One exact copy of the listing, minus the images, is the required answer.

Given data:
--*--
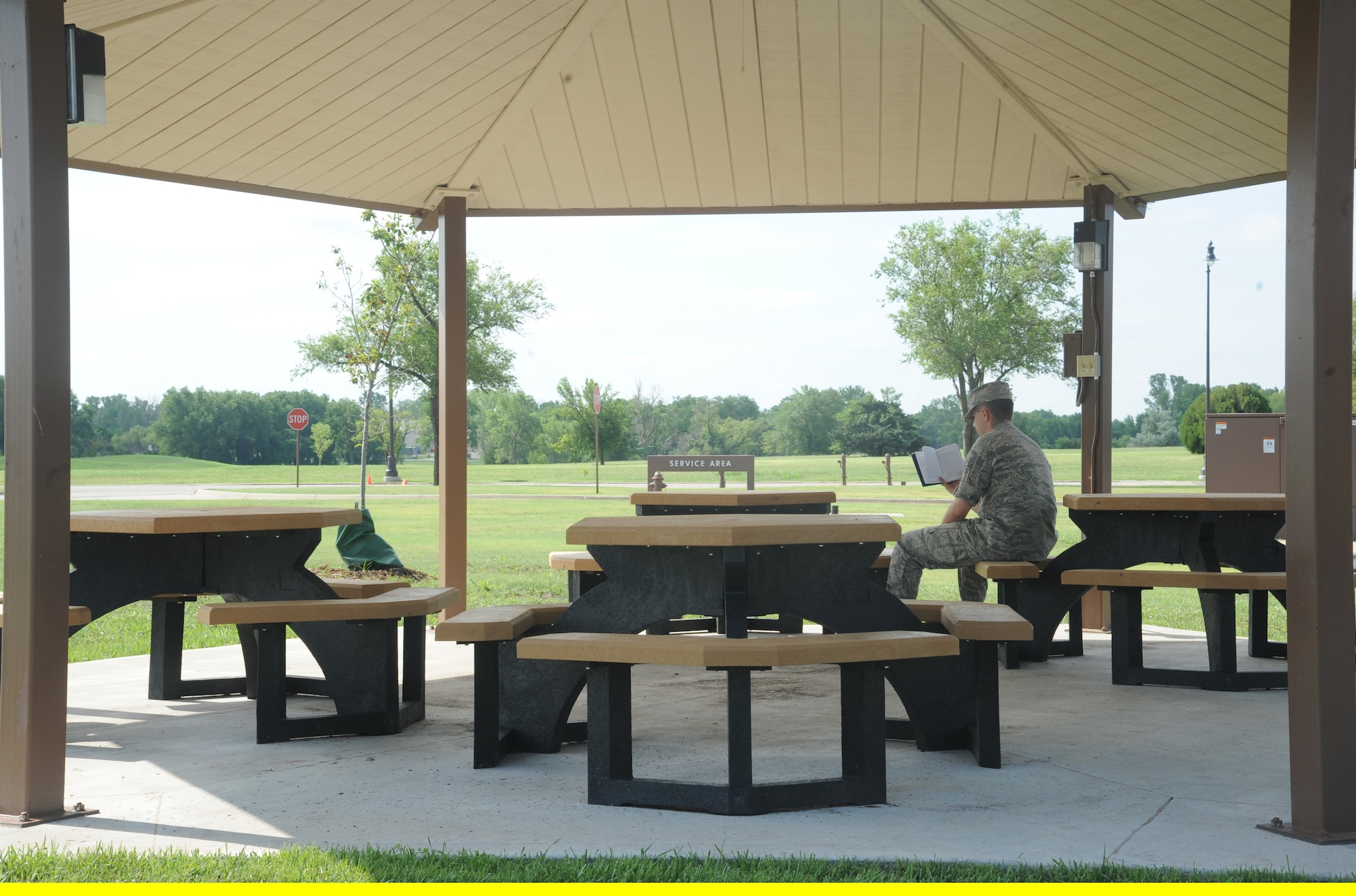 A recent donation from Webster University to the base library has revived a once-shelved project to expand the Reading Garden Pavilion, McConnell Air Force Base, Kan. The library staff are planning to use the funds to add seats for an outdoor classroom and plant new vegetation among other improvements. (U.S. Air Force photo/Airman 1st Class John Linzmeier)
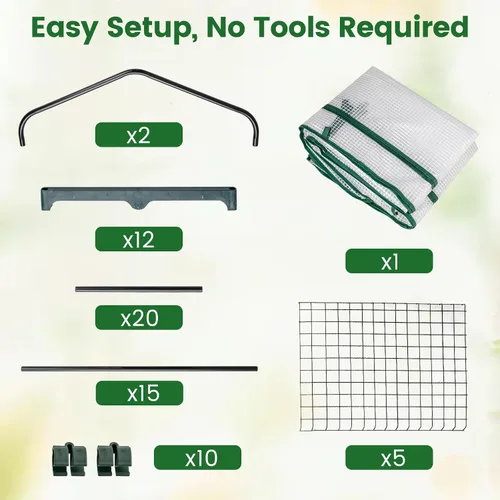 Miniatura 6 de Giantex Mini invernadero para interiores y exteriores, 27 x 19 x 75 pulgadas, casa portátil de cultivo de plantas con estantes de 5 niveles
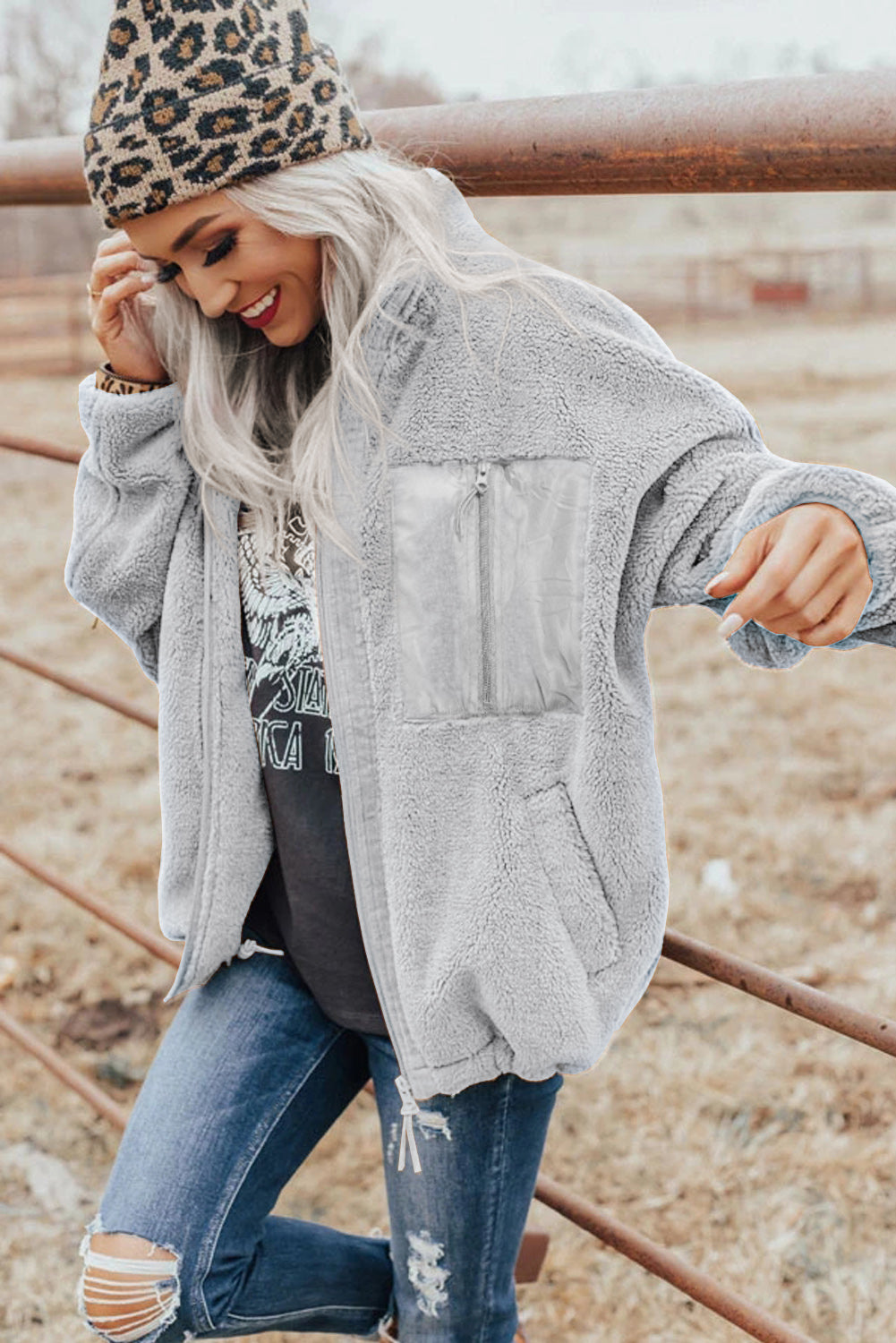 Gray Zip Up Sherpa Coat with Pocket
--*--
Written response:
 A recent donation from Webster University to the base library has revived a once-shelved project to expand the Reading Garden Pavilion, McConnell Air Force Base, Kan. The library staff are planning to use the funds to add seats for an outdoor classroom and plant new vegetation among other improvements. (U.S. Air Force photo/Airman 1st Class John Linzmeier)
 Miniatura 6 de Giantex Mini invernadero para interiores y exteriores, 27 x 19 x 75 pulgadas, casa portátil de cultivo de plantas con estantes de 5 niveles
 Gray Zip Up Sherpa Coat with Pocket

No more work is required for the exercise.